** Exercise goal **
Print nothing except the lines of the listing below from the line with "Little Bipsy Ribbed Leggings 4-5Y|134169" to the line with "2011 FORD MUSTANG", each exactly as written, both ends included.

** Record excerpts **

══════════════════════════════

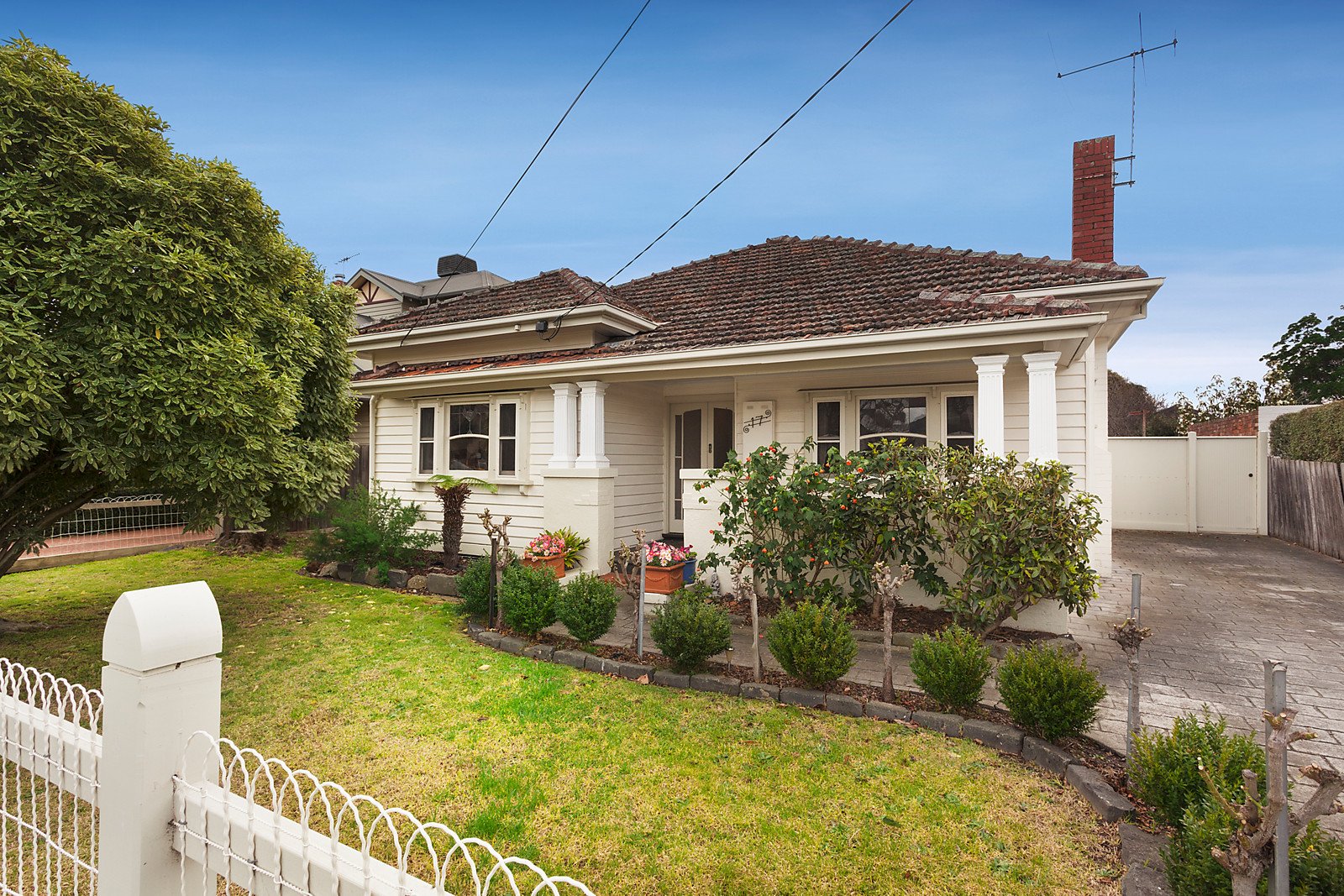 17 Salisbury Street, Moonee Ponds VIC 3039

══════════════════════════════

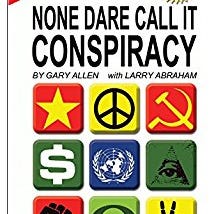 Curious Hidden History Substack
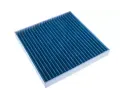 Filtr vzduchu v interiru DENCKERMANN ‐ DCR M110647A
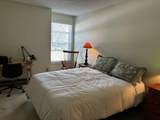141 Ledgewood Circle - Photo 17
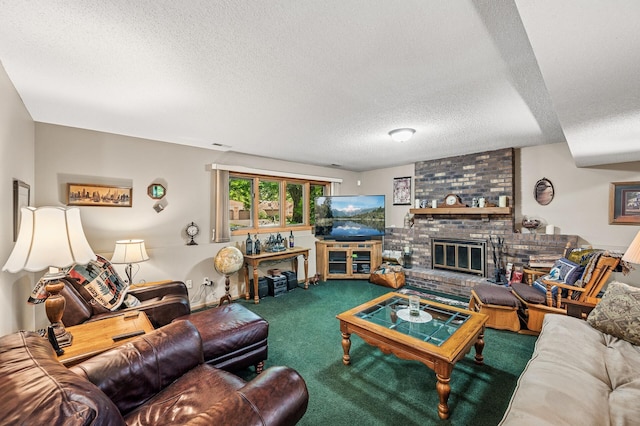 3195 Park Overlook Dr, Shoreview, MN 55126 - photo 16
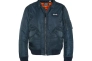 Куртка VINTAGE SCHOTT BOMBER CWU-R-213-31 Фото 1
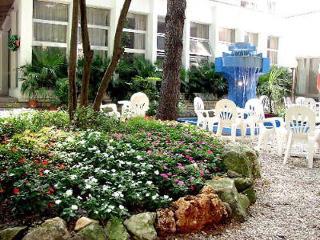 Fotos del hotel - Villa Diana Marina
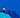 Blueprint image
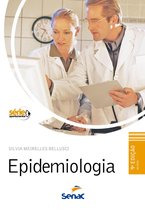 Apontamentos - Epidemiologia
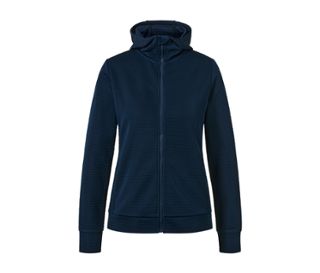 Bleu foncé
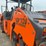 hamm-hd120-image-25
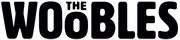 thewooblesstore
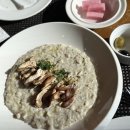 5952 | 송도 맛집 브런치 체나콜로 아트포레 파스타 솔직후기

══════════════════════════════

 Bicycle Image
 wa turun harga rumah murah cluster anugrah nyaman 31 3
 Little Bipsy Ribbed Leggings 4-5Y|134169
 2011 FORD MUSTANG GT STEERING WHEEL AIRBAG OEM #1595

══════════════════════════════

** Response to the task **
 Little Bipsy Ribbed Leggings 4-5Y|134169
 2011 FORD MUSTANG GT STEERING WHEEL AIRBAG OEM #1595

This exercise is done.